The legislation is designed to address the perception of vulnerability for some small businesses in their commercial dealings with larger counterparties.
Details of legislative changes
In relation to standard form contracts (including financial services contracts) the changes to the legislation apply when:
- at least one party to the contract is a small business (i.e. business employing fewer than 20 people)
- the upfront price payable under the contract is less than $300,000 or $1,000,000 if the duration of the contract is more than 12 months
- the contract is for a supply of goods or services, or a sale or grant of an interest in land
The importance of unfair contract protections
In general terms, small businesses may have very little leeway or power to negotiate terms when dealing with standard form contracts with larger businesses. Often entry into these types of contracts is offered on a ‘take it, or leave it’ basis. However, this legislation now provides some protection in favour of small businesses such that unfair terms may not be enforceable against them.
Under the Australian Consumer Law, a term is considered unfair if it:
- “would cause a significant imbalance in the parties’ rights and obligations, arising under the contract”;
- “is not reasonably necessary in order to protect the legitimate interests of the party who would be advantaged by the term”; and
- “would cause detriment (whether financial or otherwise) to a party, if it were to be applied or relied on” (refer s 24 Australian Consumer Law).
But what deems a term unfair? To make the determination, the court takes the whole contract into account and including whether the particular clause is ‘transparent’ – ie: in easy-to-understand English, legible and clear and readily available.
Understanding who the extension of the laws apply to
The legislative changes are applicable to:
- any contracts entered into on or after 12 November 2016;
- applicable contracts renewed on or after 12 November 2016 – for conduct after that date; and
- a term of an applicable contract which is varied on or after 12 November 2016 – for that term.
It’s important to note that laws will not apply to a pre-existing contract that is assigned on or after 12 November 2016, unless the incoming party enters into a new contract.
The consequences of a contract with unfair terms
The main ramification of determining that a term in a standard contract is unfair is that the term will be void.
However, the remainder of the contract will continue to bind the parties if the contract is able to operate without the unfair term.
If a term is found to be unfair by a court, there may be a range of orders made. These include:
- varying the contract;
- declaring part or all of the contract to be void; or
- a court refusing to enforce some or all of the terms of a contract.

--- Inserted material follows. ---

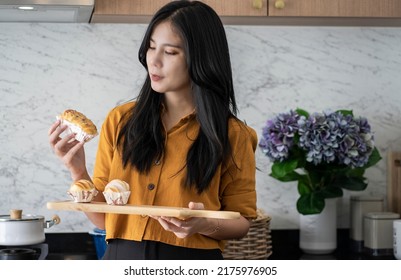 Asian Woman Relishes Deliciously Aromatic Bread, A Snack Just Baked From The Oven In Her Home Kitchen. It's A Hobby Of Making Bread.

The new legislation means that businesses dealing with small businesses (and small businesses themselves) should be mindful of potentially unfair provisions in their contracts and update them where appropriate to ensure enforceability.
Note: This insight contains commentary for general reference purposes only. It does not constitute legal advice and should not be relied on for any purpose. You should always seek specific legal advice based on your own individual circumstances.